India's Mars Orbiter Mission spacecraft has beamed home the first image taken from the camera on board.

The probe is now circling Mars in an elliptical orbit, with its nearest point to Mars (periapsis) being 421.7 km and the farthest point (apoapsis) at 76,993.6 km.

The spacecraft performance was normal, said an Indian Space Research Organisation (Isro) press release.

The inclination of the orbit with respect to the equatorial plane of Mars is 150 degrees, as intended.
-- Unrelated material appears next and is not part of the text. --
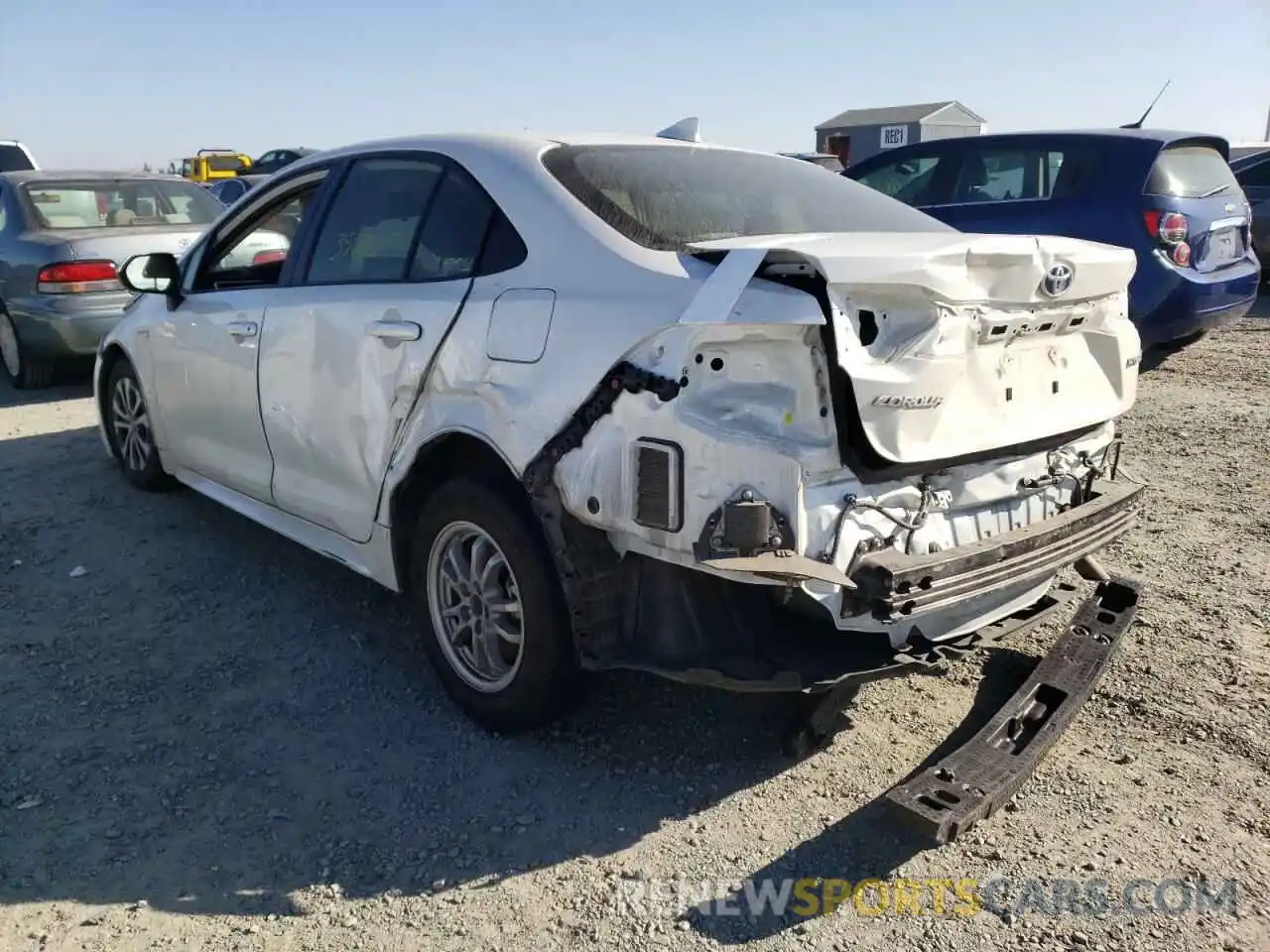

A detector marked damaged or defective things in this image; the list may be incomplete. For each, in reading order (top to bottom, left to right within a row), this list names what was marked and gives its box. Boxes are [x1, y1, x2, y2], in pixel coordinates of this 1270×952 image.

dented front door [255, 282, 469, 542]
In this orbit, the spacecraft takes 72 hours 51 minutes and 51 seconds to go round Mars once.

In the coming weeks, the spacecraft will be thoroughly tested in the Mars orbit and systematic observation of the planet using its five scientific instruments will begin.
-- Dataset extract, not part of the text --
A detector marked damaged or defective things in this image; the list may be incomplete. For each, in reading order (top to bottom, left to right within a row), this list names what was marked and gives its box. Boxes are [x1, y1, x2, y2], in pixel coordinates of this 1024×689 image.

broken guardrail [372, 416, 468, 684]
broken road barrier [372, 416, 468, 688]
The spacecraft successfully entered orbit around the planet on Wednesday morning (24 September) by firing its 440 Newton Liquid Apogee Motor along with eight smaller liquid engines.

The engine firing operation which began at 07:17:32 IST lasted for 1388.67 seconds and changed the velocity of the spacecraft by the intended 1099 metre/sec.

Launched on 5 November, 2013 from India's Satish Dhawan Space Centre, Sriharikota, the craft has travelled around 666 million kilometres.

India's Mars Orbiter Mission is doing well in its elliptical orbit a day after insertion on September 24, 2014. ISRO

The probe will study Mars' surface features, morphology, mineralogy and the atmosphere using indigenous scientific instruments consisting of a camera, two spectrometers, a radiometer and a photometer weighing 15kg in all.

Among the major technological objectives realised by the mission are the design of a Mars orbiter with a capability to survive and perform Earth-bound manoeuvres, cruise phase of 300 days, Mars orbit insertion and on-orbit phase around Mars.

Deep space communication, navigation and the autonomous features to handle contingency situations are the other objectives.

With hints of water and microbial life, and an atmosphere, though hardly 1% as dense as the earth's, Mars is the obvious choice of a stop-over in space journeys of the future.

Mars missions date back to the sixties beginning with the Mariner series from Nasa to the rovers in this century.

Even as the Indian spacecraft circles the planet with four other craft, two of Nasa's rovers, Opportunity and Curiosity, are exploring the landscape below.